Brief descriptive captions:

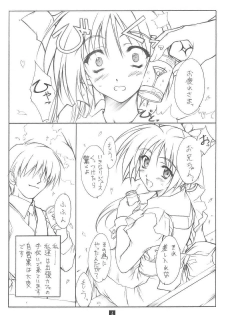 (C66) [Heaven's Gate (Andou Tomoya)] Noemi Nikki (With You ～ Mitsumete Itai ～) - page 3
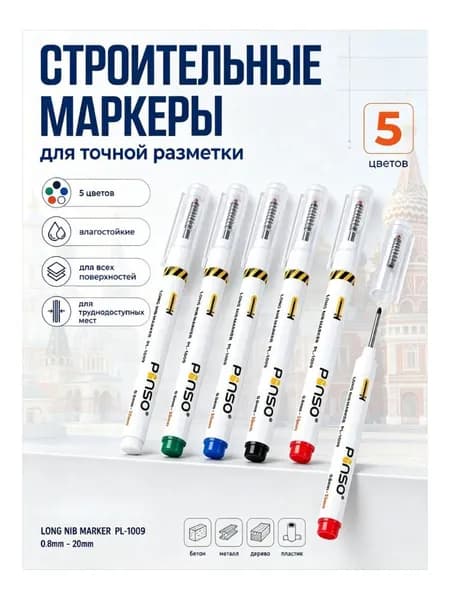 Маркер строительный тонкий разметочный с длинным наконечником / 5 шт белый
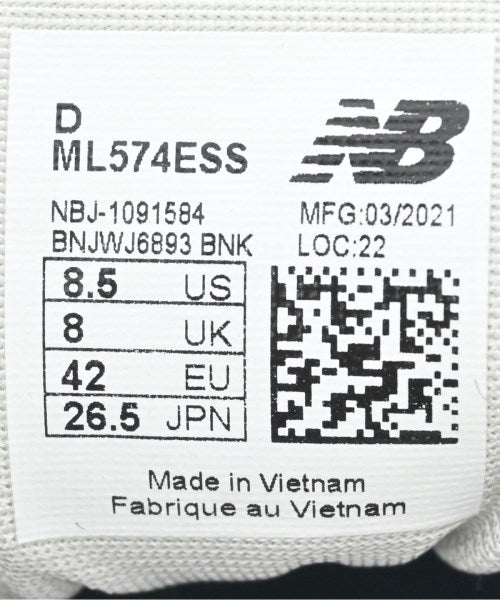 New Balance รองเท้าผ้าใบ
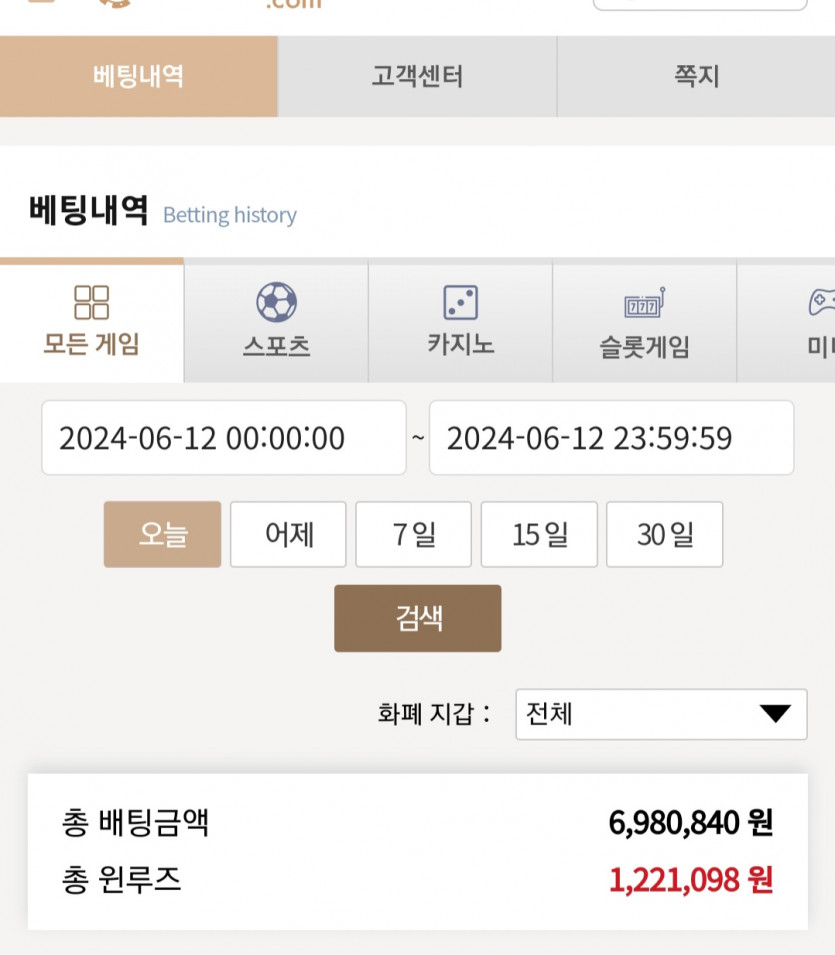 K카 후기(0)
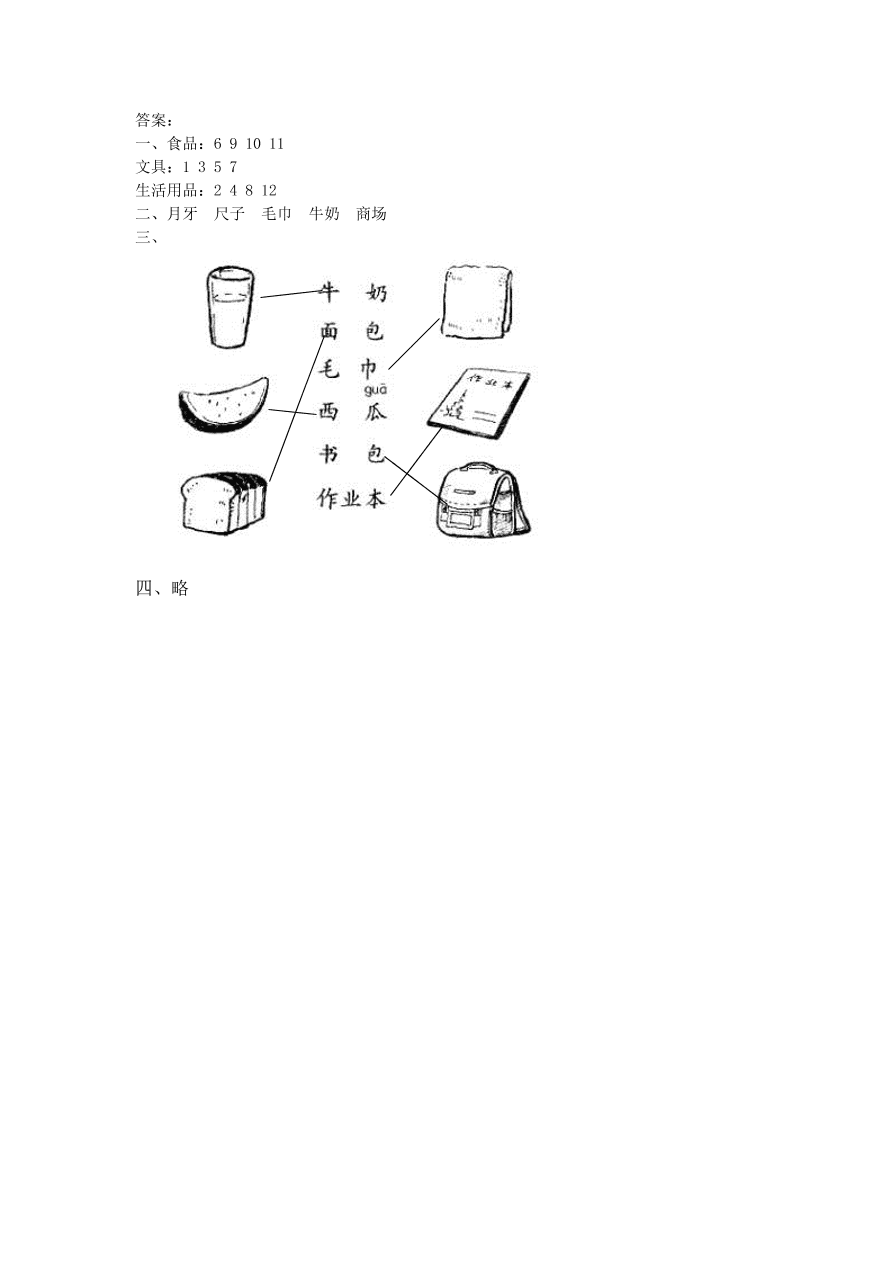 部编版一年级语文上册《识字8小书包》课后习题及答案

=== WHAT YOU HAVE TO DO ===
Pictures are to be left out; the answer must otherwise be exactly the lines from the one with "New Balance รองเท้าผ้าใบ" through the final line of the entries above, both included.

=== ANSWER TO THE EXERCISE ===
 New Balance รองเท้าผ้าใบ
 K카 후기(0)
 部编版一年级语文上册《识字8小书包》课后习题及答案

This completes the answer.